Prompt – Start at the line with "Laylax Hi-Capa Custom" and print every line through the end of the material below. Keep it exact and free of pictures.
────────
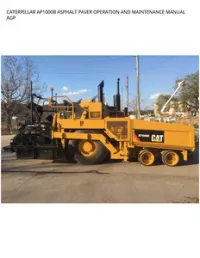 CATERPILLAR AP1000B ASPHALT PAVER OPERATION AND MAINTENANCE MANUAL AGP preview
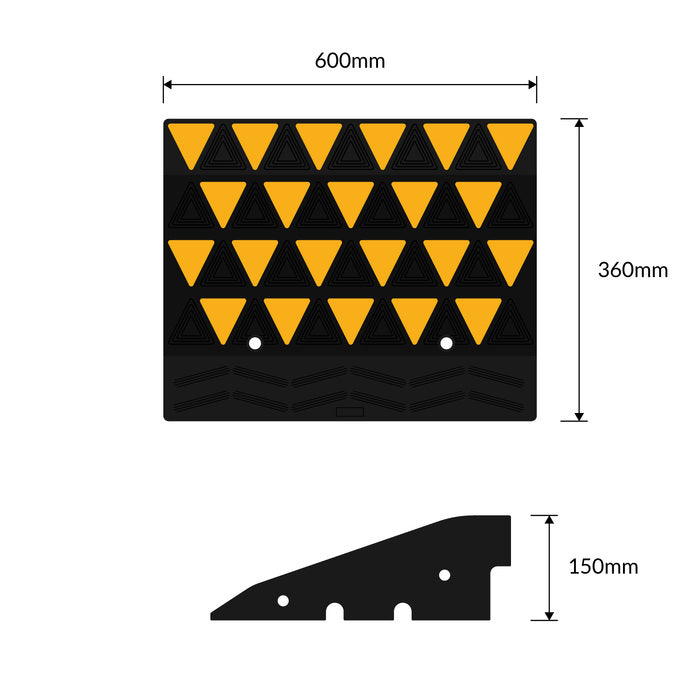 Kerb Ramp Rubber High-Vis Reflectors - 150mm High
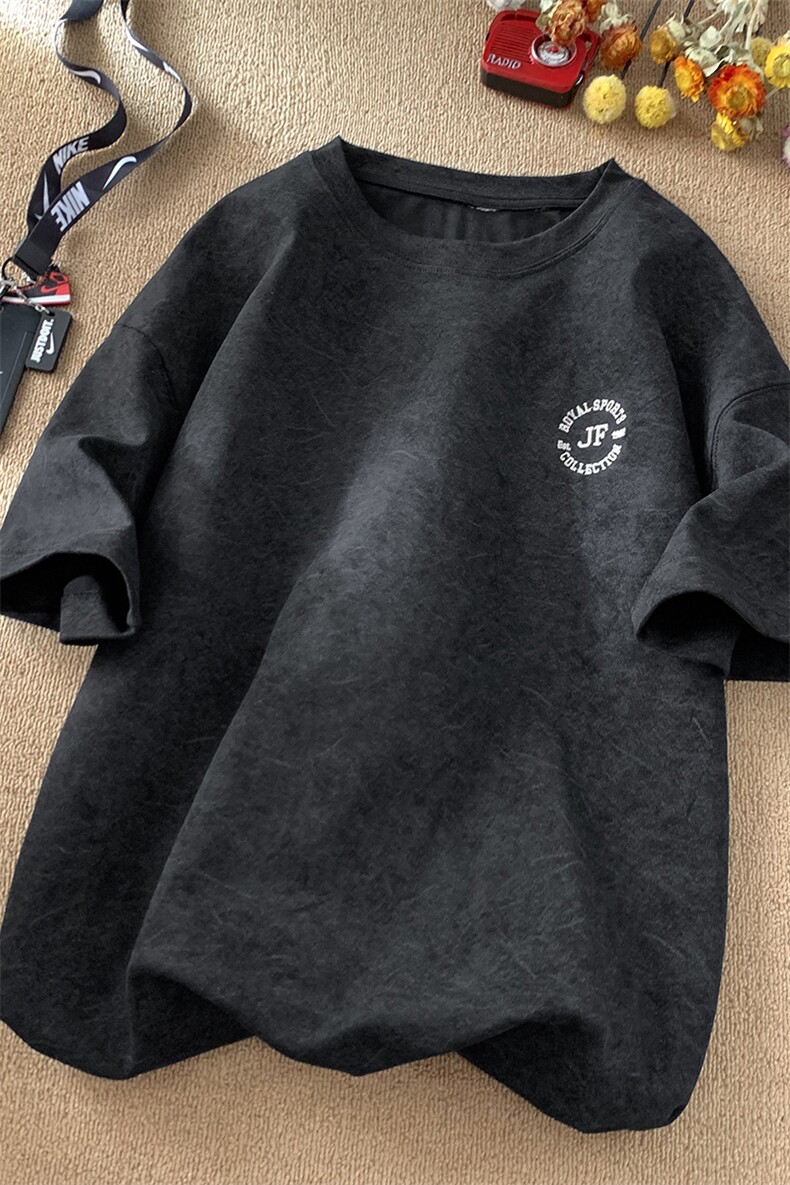 数据大250克重磅砂洗刺绣天丝棉冰丝短袖T恤JF205-特P38控58,男装T恤,电商A422-1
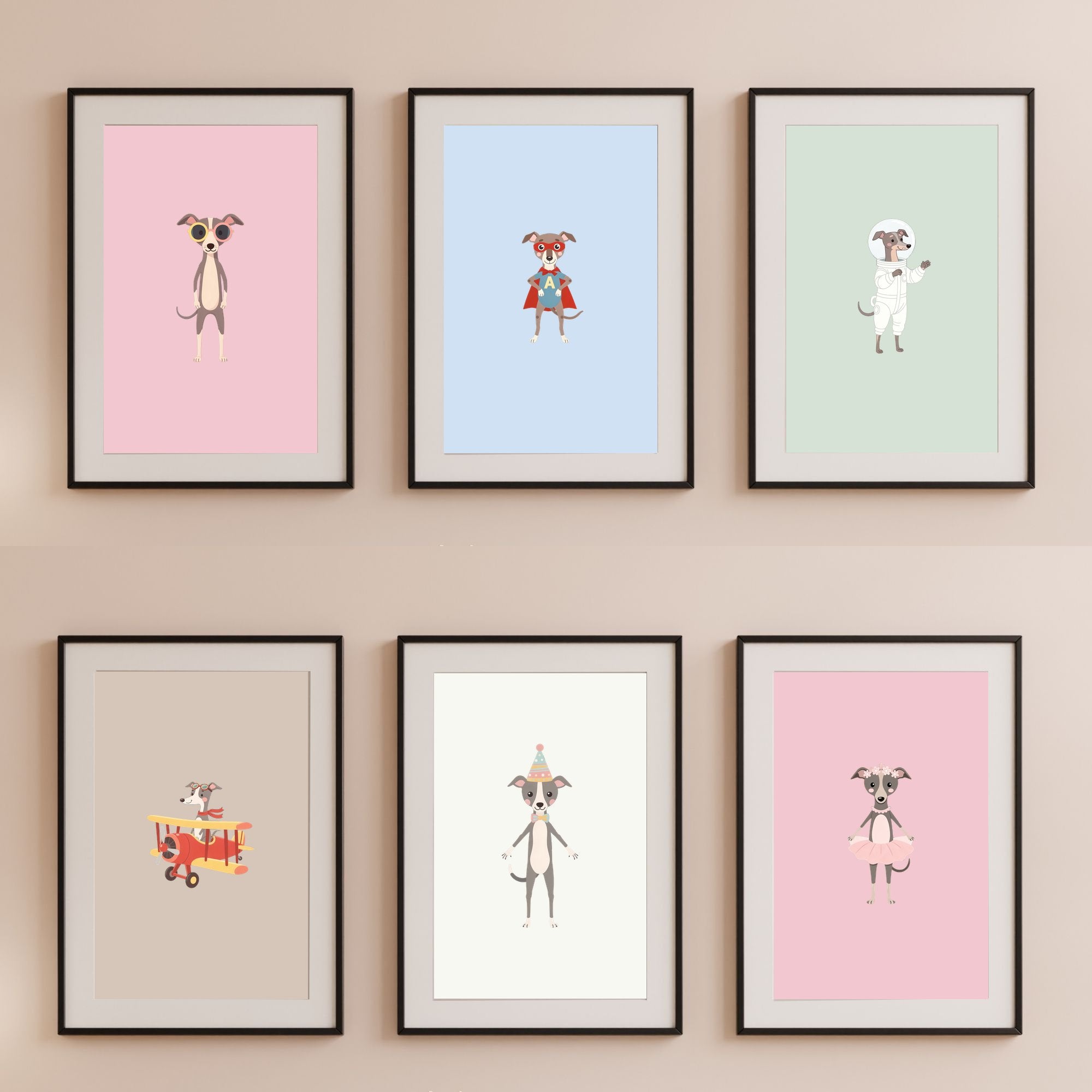 Italian Greyhound Kids Nursery Wall Art Print Bundle — 22 Dog Costume Designs, 5 Colours, 6 Print Sizes | Digital Download
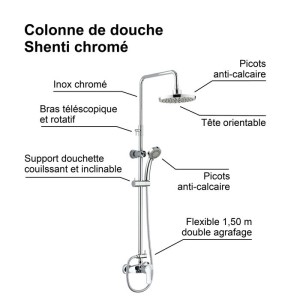 Edouard Rousseau - Colonne de douche avec robinetterie SHENTI - Chromé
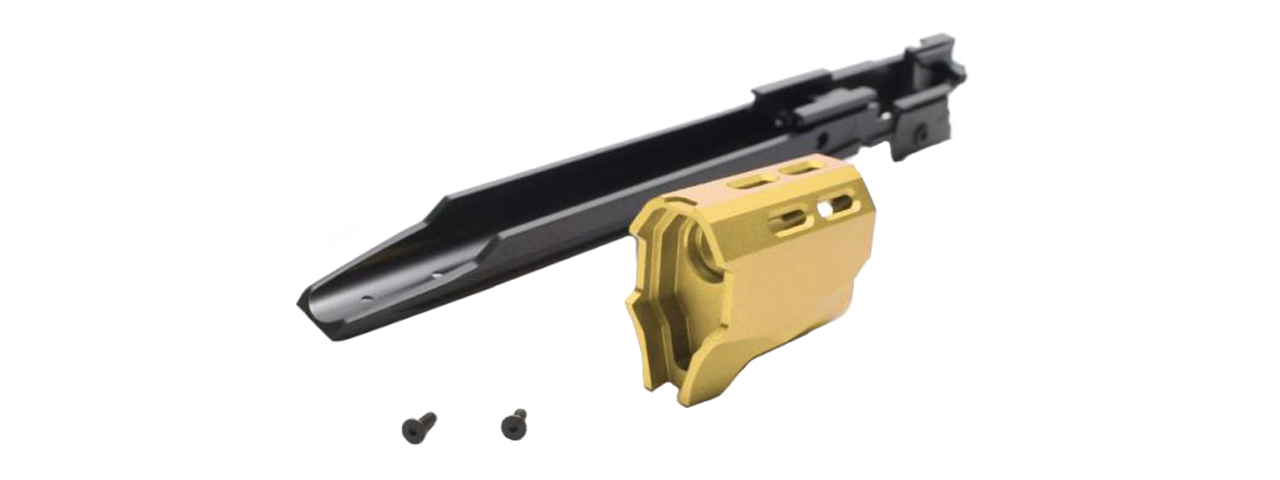 Laylax Hi-Capa Custom Lower Frame "R" Edge 5.1 & Compensator Set (Color: Gold) - Click Image to Close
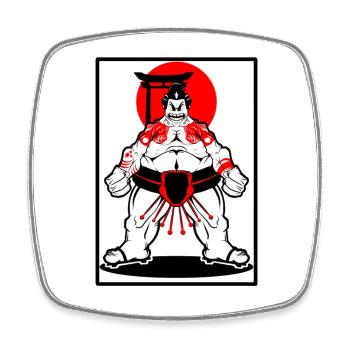 Sumo Warrior - Square fridge magnet - white - Front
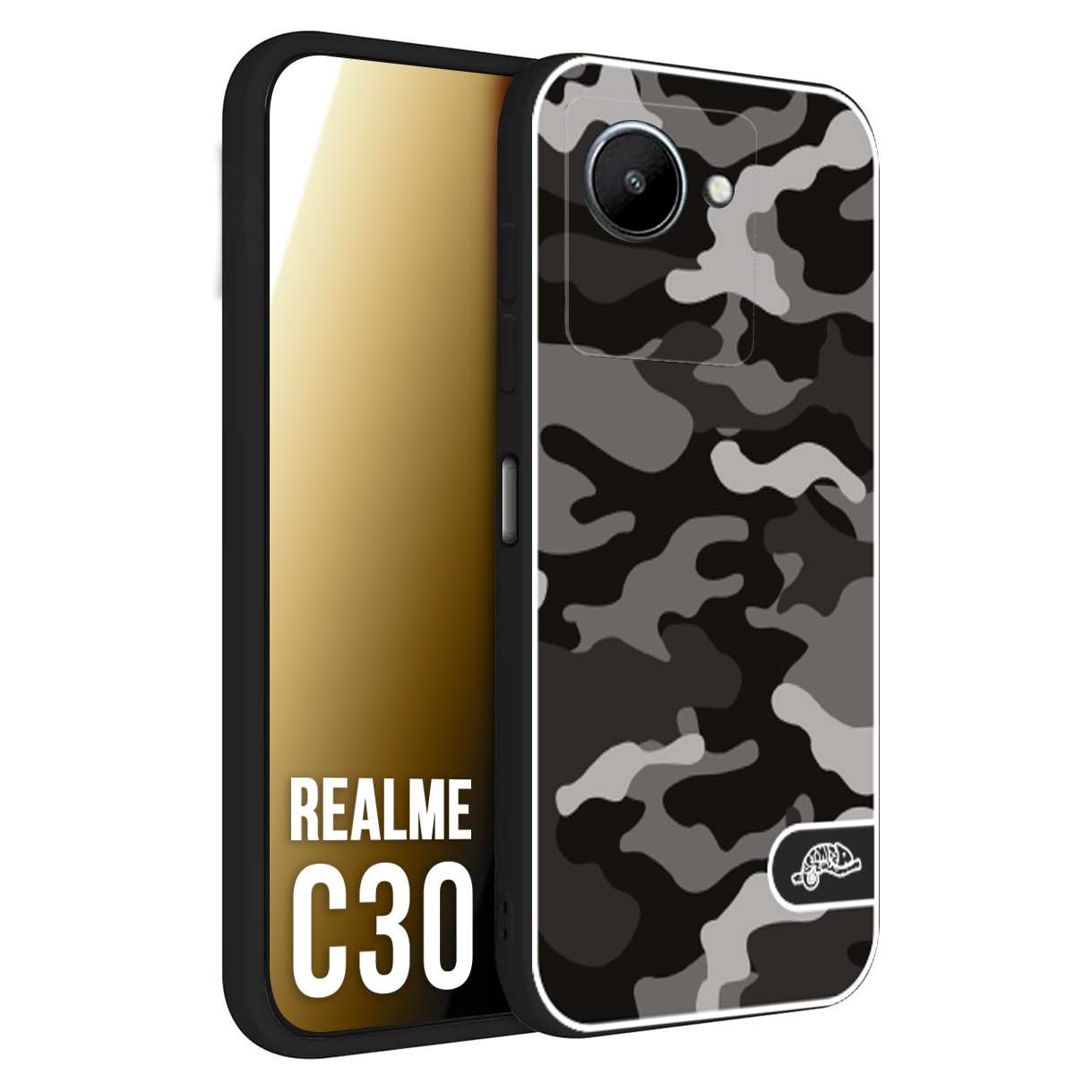 CUSTOMIZZA - Custodia cover nera morbida in tpu compatibile per Oppo Realme C30 camouflage mimetico militare nero black grigio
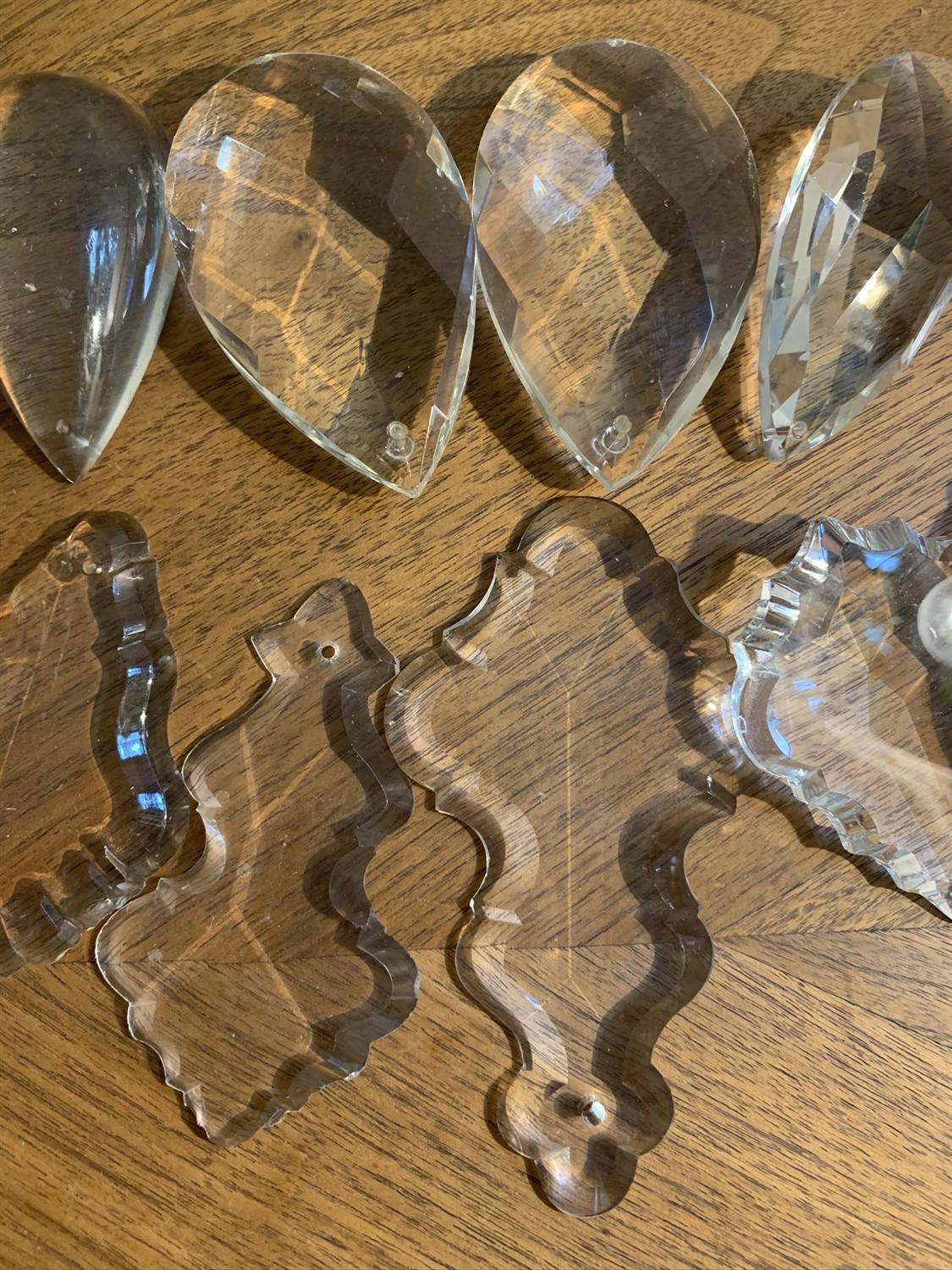 Assortment of Clear Glass Crystal Pendants.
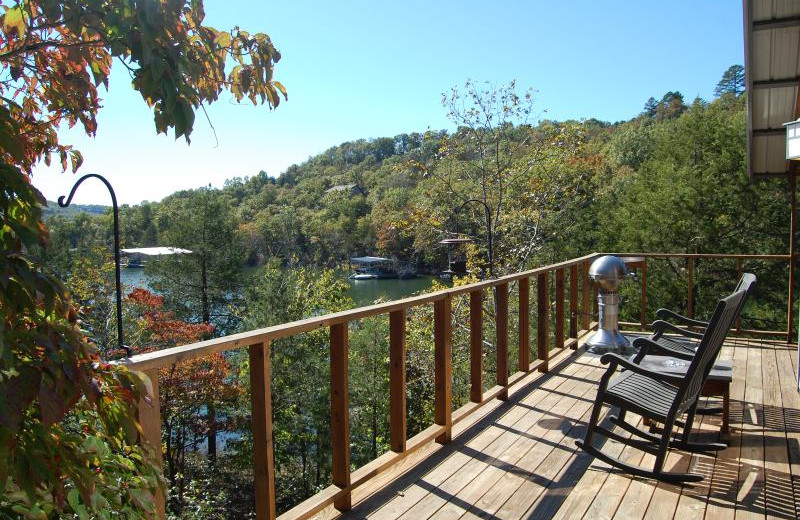 Deck view at Beaver Lakefront Cabins.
────────
Answer to the problem –
 Laylax Hi-Capa Custom Lower Frame "R" Edge 5.1 & Compensator Set (Color: Gold) - Click Image to Close
 Sumo Warrior - Square fridge magnet - white - Front
 CUSTOMIZZA - Custodia cover nera morbida in tpu compatibile per Oppo Realme C30 camouflage mimetico militare nero black grigio
 Assortment of Clear Glass Crystal Pendants.
 Deck view at Beaver Lakefront Cabins.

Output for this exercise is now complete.